If you are practicing machine learning, you are likely going to run into this at some point.  Basically the reason we use feature scaling is to help our algorithms train faster and better.  Lets begin by taking a standard theta optimization equation to help better understand the problem.
$\theta_j = \theta_j - \alpha \cdot \frac{ \sum_i^m \left(H_{\theta}\left(x\right) - y\right) \cdot x_j } { m }$

Where $\left(H_{\theta}\left(x\right) - y\right) \cdot x_j$ is the partial derivative of the sum of squares error function with respect to each theta.

Don’t really worry about what a partial derivative is too much, just that this equation is the optimizer for each weighted value theta.  What is important here is that our alpha $\alpha$ is constant across all thetas and x’s.  Lets consider for a minute that we are looking to predict on home price.  The price of a home is in hundreds of thousands, the age is in 10’s the acreage is in decimals and finally the square-footage is in thousands.  Every time we take a step, our error with respect to every theta (at the various magnitudes) is multiplied by the same exact alpha, therefor possibly overstepping and under-stepping various features if their weights are not within a similar range.

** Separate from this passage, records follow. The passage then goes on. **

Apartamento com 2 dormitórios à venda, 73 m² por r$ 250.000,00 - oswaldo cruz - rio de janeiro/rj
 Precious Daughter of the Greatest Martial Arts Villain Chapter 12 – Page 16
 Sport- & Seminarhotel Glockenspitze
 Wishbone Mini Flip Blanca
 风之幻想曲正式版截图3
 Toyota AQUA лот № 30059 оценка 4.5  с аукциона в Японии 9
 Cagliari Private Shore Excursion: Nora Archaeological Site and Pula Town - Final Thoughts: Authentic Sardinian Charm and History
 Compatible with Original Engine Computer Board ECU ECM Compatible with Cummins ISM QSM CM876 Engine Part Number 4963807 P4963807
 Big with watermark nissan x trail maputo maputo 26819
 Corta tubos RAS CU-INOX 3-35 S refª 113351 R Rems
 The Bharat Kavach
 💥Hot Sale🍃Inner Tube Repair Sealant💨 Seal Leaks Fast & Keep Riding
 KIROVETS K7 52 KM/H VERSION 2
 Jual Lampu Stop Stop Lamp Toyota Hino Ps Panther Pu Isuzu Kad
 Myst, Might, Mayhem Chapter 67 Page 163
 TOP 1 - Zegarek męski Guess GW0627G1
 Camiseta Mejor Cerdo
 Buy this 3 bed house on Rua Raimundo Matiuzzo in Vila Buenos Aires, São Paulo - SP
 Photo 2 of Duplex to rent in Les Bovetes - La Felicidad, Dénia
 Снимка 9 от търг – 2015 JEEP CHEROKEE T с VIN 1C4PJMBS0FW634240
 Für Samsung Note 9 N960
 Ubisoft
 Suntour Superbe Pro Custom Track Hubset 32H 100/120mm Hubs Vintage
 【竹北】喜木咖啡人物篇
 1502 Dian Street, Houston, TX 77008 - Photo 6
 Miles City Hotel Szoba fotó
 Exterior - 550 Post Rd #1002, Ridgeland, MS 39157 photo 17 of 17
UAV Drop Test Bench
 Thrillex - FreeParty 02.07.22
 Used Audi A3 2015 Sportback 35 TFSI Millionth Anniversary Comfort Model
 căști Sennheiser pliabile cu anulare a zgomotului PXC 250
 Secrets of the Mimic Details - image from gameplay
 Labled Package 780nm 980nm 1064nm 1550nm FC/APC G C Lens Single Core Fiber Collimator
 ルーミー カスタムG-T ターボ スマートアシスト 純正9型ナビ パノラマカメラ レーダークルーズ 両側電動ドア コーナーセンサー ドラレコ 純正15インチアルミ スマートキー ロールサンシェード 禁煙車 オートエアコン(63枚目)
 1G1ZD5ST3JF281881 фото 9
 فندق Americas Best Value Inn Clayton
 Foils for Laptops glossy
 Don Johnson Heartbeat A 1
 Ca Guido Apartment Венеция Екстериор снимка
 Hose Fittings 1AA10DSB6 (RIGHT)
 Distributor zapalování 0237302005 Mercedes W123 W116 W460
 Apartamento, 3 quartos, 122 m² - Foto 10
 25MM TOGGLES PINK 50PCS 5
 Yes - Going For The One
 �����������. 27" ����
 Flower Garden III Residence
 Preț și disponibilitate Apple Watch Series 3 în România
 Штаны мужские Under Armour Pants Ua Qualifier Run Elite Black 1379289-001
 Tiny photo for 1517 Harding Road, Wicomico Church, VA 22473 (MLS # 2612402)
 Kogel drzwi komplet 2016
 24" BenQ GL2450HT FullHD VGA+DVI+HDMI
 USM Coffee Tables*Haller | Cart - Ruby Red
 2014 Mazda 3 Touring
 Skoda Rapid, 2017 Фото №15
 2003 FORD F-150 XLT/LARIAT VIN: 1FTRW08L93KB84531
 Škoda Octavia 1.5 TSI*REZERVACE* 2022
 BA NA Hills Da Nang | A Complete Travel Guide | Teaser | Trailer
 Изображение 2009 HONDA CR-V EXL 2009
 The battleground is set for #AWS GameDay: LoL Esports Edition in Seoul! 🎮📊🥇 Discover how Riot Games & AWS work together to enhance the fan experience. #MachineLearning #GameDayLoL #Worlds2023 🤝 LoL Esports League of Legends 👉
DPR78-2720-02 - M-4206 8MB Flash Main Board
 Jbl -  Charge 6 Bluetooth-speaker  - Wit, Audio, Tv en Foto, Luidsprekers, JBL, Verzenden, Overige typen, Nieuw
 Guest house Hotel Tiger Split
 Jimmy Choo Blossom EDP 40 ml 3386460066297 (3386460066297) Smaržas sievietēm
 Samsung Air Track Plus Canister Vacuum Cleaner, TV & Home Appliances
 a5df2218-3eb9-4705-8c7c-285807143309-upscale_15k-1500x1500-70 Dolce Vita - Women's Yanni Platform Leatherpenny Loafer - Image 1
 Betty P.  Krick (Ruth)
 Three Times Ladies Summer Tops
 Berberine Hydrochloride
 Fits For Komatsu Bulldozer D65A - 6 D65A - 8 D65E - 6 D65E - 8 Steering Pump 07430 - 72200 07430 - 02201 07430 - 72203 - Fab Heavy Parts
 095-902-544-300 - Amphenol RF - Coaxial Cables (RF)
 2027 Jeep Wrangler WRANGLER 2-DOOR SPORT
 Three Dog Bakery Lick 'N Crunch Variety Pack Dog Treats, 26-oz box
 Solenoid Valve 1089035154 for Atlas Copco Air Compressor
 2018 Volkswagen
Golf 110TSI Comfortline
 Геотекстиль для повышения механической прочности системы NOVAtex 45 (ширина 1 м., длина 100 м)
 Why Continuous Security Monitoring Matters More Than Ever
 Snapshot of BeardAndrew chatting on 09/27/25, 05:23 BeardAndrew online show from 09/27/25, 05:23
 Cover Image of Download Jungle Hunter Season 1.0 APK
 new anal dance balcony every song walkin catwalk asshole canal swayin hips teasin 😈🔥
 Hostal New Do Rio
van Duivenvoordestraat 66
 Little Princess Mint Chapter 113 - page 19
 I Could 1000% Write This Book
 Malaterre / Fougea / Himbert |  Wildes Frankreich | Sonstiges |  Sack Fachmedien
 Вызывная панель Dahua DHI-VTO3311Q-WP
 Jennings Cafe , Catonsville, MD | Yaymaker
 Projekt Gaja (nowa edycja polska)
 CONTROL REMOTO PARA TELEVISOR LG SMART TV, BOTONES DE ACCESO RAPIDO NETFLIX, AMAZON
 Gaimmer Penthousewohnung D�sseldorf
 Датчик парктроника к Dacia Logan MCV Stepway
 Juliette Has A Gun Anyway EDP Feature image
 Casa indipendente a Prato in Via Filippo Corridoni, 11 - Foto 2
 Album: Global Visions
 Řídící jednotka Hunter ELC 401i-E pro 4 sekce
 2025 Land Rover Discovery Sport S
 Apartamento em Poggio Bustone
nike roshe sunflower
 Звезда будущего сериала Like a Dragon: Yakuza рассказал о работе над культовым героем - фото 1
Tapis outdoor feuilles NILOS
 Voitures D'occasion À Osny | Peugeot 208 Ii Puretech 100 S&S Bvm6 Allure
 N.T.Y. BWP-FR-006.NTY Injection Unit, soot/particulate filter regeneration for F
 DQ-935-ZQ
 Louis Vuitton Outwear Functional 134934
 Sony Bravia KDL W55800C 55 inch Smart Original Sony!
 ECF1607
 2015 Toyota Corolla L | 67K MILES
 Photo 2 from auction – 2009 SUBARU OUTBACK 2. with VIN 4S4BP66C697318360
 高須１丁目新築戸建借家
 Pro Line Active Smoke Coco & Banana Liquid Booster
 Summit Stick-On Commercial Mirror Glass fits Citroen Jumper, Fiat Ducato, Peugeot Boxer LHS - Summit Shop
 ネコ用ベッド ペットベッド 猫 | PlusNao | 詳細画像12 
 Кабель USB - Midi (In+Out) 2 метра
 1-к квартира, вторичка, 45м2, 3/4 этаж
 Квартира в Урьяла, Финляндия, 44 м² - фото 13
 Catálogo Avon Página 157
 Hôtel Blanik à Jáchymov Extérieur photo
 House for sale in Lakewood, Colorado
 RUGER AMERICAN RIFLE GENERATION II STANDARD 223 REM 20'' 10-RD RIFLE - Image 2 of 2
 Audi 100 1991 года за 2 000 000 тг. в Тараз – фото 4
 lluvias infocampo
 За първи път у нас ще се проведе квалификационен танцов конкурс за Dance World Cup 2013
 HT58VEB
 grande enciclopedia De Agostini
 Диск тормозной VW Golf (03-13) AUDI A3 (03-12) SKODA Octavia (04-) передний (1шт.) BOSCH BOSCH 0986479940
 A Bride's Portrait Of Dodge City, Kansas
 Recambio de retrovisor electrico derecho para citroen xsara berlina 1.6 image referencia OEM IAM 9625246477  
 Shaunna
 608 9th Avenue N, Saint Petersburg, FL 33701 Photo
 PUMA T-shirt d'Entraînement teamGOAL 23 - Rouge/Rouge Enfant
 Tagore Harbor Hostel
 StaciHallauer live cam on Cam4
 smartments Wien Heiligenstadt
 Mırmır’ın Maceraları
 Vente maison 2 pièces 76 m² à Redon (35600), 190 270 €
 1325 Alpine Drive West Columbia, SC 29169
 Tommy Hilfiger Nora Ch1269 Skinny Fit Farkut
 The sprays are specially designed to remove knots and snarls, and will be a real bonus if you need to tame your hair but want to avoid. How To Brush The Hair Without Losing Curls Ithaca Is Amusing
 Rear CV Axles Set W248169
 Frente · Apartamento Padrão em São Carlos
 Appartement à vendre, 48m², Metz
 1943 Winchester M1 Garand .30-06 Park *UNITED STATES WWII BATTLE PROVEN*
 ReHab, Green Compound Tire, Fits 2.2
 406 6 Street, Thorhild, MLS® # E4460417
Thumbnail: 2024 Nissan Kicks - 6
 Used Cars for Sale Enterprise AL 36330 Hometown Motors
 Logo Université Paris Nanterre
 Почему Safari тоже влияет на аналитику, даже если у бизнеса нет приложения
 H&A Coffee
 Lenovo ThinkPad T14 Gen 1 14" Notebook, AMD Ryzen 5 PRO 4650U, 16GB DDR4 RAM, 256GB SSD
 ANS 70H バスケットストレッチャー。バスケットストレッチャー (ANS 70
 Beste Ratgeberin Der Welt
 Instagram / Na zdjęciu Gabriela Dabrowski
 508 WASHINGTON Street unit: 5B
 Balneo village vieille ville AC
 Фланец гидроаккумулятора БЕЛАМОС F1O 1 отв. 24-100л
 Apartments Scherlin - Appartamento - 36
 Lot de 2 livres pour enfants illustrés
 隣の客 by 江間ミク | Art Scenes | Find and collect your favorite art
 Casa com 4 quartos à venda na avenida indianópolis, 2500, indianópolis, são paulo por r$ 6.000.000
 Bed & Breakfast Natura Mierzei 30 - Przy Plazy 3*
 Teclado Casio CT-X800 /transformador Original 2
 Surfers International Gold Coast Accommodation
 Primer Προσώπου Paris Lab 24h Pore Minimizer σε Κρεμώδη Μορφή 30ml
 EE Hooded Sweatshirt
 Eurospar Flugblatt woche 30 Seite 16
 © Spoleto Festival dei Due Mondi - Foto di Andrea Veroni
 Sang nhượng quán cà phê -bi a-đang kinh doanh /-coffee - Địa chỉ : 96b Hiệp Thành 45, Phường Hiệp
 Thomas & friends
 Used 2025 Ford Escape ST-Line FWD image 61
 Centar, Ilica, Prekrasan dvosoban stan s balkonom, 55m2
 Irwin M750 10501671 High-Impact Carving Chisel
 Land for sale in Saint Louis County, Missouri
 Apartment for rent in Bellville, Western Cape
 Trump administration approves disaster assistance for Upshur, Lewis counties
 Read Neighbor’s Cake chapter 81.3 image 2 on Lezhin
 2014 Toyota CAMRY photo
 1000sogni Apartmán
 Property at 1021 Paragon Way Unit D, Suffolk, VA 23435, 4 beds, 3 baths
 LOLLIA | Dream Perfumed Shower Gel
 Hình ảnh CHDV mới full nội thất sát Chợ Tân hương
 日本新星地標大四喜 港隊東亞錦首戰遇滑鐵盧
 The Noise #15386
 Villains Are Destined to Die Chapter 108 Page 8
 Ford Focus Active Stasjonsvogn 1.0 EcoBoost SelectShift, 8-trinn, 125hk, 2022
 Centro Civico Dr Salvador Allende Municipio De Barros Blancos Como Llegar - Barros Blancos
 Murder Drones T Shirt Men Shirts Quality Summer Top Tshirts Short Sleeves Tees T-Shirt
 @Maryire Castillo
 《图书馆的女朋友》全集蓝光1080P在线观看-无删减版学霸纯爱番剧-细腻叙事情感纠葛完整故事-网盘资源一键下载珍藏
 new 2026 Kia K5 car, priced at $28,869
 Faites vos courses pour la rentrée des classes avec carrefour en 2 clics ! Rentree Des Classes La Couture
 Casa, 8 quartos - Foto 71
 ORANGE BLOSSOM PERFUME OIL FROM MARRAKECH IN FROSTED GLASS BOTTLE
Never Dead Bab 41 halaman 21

## Mean Range Normalization

Lets now introduce “Mean Range Normalization”.  Basically apply this function as defined below to every component of your training data.  This will provide new data useful for training between the range of -1 and +1.
$x_j = \frac { x_j - M_x} { R_x }$

where
$M_x$ = the Mean (or average) of the training set for this x
$R_x$ = the Range (or max – min) of x for this training set.
$x_j$ = the j-th observation of x in this training set.

So how does this work?  Basically no number can ever be -1 or +1 unless all observations are exactly the same.  Feel free to pick a variety of numbers and try it out.  Assume a range of 1 to 10 and a mean of 1.01.  Lets say you get x(j) to be 10.  The normalized version of this observation is 9.99 / 10 or very close to +1.  When doing this, it is also important to scale your prediction as well.  So all features, including the prediction column should be scaled.

## Scaling Predictions back to original Magnitude

Now the question comes up, well that means my prediction for a home is going to be between -1 and +1.  Yes, it does.  But you can simply apply the inverse to regain the original number
$x_j = \left(x_j + M_x \right) \cdot R_x$

Feel free to go ahead and try it.  It works :).